The task :: In the records below, reproduce exactly the lines from the one containing "Sometimes you can" through the one containing "Start by downloading", both included, and omit the pictures.

Supplied information ::
_ _ _ _ _
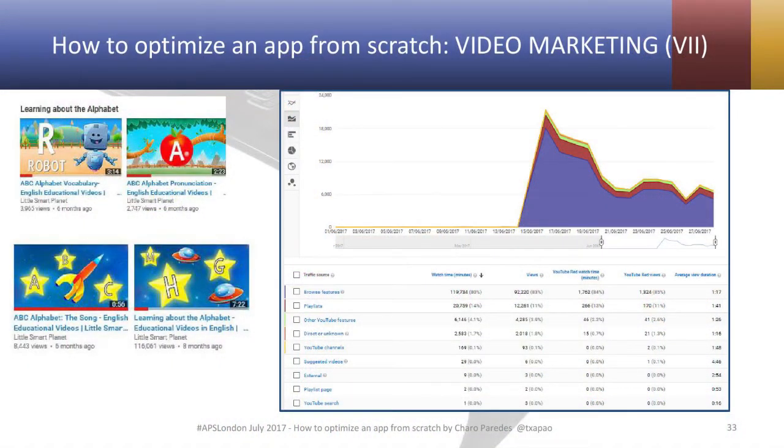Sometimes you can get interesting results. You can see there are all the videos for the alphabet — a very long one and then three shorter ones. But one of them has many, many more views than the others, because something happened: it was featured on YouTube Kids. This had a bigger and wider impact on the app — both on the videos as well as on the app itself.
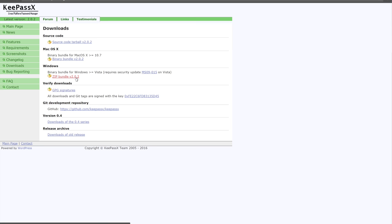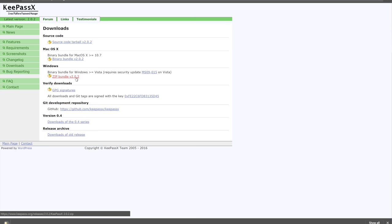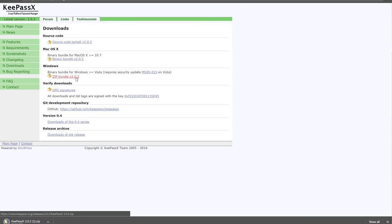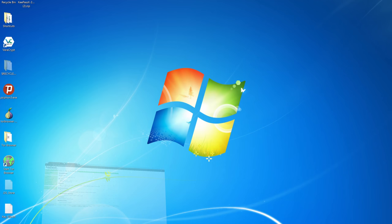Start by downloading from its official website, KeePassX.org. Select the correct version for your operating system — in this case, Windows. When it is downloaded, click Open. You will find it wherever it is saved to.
_ _ _ _ _
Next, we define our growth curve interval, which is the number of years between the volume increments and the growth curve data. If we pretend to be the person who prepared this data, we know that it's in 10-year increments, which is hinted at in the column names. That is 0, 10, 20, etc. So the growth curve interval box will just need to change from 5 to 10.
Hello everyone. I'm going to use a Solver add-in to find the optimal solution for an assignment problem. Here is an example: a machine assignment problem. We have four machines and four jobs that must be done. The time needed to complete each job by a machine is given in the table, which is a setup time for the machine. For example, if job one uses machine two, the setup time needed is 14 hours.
_ _ _ _ _
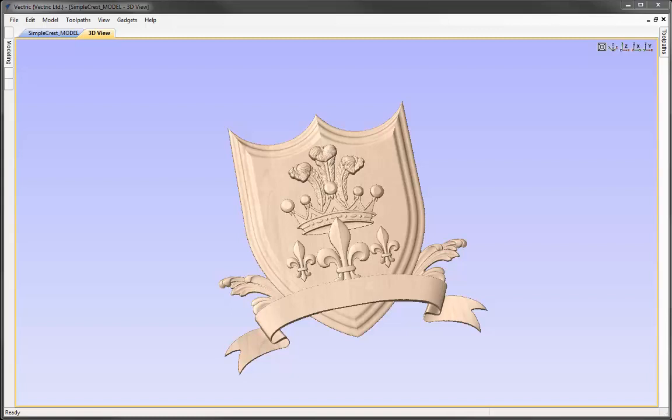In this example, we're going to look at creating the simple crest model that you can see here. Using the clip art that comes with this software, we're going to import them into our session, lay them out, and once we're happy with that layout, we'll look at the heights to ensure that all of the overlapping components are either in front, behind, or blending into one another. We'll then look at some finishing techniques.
_ _ _ _ _
Exercise response ::
Sometimes you can get interesting results. You can see there are all the videos for the alphabet — a very long one and then three shorter ones. But one of them has many, many more views than the others, because something happened: it was featured on YouTube Kids. This had a bigger and wider impact on the app — both on the videos as well as on the app itself.
Start by downloading from its official website, KeePassX.org. Select the correct version for your operating system — in this case, Windows. When it is downloaded, click Open. You will find it wherever it is saved to.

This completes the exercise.